Segment Start: GIVEN ENTRIES

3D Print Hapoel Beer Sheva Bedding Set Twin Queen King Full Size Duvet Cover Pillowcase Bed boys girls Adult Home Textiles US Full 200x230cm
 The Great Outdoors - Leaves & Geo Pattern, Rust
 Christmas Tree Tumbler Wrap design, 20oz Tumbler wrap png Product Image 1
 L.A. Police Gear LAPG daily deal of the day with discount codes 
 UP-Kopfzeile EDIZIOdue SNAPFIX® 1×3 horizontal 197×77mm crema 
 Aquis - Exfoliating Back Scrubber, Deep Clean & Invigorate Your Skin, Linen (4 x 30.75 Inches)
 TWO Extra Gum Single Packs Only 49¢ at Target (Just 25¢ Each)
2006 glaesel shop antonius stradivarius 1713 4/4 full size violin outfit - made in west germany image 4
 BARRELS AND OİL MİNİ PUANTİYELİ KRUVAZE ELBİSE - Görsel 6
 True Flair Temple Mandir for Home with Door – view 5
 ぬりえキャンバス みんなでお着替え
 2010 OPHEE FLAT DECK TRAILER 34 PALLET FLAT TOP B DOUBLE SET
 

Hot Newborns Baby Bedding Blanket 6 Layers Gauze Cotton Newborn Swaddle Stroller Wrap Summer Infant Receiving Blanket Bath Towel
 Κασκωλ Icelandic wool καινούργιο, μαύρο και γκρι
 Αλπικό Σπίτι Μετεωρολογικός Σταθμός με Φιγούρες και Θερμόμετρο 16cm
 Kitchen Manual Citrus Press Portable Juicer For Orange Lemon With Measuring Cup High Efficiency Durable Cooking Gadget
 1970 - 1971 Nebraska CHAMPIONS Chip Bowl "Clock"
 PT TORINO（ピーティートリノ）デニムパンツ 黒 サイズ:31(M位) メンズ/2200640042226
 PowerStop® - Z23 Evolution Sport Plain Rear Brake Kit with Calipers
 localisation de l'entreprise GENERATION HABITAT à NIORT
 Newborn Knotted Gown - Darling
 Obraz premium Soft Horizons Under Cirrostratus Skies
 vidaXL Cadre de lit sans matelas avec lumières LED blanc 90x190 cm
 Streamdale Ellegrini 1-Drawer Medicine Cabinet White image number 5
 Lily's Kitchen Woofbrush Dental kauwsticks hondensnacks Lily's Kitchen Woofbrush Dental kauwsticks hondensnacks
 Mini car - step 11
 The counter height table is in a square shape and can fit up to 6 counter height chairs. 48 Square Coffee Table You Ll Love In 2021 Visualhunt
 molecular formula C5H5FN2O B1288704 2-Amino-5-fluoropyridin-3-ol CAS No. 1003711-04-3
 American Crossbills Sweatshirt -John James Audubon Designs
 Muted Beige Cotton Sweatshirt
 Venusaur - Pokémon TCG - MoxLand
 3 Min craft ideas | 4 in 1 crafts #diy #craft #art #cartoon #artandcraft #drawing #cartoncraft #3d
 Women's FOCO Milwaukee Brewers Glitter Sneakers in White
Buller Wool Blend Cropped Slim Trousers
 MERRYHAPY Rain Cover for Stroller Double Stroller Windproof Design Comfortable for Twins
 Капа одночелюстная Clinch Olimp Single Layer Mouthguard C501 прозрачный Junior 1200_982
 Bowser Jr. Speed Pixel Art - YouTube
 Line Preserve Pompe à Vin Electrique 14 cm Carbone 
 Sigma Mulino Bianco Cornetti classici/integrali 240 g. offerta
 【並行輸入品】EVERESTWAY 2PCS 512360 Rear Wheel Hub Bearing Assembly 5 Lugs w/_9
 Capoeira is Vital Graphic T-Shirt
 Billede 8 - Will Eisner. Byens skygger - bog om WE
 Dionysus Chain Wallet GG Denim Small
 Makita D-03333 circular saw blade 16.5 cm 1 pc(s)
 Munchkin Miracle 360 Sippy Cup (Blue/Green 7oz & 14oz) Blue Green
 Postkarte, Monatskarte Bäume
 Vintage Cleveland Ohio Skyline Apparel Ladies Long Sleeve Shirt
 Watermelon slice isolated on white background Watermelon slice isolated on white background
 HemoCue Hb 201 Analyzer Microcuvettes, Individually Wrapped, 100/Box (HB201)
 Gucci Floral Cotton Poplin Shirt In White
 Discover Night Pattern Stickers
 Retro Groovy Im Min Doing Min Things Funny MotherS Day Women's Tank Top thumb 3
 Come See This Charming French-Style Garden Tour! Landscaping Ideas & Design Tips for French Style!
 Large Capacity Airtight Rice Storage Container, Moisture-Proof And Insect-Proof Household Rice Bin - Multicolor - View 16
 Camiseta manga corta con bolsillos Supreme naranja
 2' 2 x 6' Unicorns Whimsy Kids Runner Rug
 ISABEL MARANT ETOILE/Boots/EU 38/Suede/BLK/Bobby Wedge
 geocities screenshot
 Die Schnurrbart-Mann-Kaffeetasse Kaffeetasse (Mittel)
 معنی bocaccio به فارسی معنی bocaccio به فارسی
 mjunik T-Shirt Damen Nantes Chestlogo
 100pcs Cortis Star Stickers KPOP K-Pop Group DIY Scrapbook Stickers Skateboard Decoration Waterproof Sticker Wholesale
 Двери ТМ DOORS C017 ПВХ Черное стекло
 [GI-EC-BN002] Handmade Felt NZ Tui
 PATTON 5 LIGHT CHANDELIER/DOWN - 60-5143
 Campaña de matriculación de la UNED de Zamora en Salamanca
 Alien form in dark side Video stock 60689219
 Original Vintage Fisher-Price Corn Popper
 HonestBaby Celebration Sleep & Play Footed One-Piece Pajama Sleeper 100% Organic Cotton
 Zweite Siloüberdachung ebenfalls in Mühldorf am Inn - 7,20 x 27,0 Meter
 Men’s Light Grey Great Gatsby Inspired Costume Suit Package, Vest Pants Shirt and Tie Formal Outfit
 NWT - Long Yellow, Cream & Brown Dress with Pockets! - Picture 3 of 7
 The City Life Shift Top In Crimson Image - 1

Segment End: GIVEN ENTRIES

WHAT TO DO
In the records above, the line with "vidaXL Cadre de" marks the start and the line with "Venusaur - Pokémon TCG - MoxLand" marks the end; copy that stretch exactly, both lines included, and nothing else.

ANSWER TO THE PROBLEM
 vidaXL Cadre de lit sans matelas avec lumières LED blanc 90x190 cm
 Streamdale Ellegrini 1-Drawer Medicine Cabinet White image number 5
 Lily's Kitchen Woofbrush Dental kauwsticks hondensnacks Lily's Kitchen Woofbrush Dental kauwsticks hondensnacks
 Mini car - step 11
 The counter height table is in a square shape and can fit up to 6 counter height chairs. 48 Square Coffee Table You Ll Love In 2021 Visualhunt
 molecular formula C5H5FN2O B1288704 2-Amino-5-fluoropyridin-3-ol CAS No. 1003711-04-3
 American Crossbills Sweatshirt -John James Audubon Designs
 Muted Beige Cotton Sweatshirt
 Venusaur - Pokémon TCG - MoxLand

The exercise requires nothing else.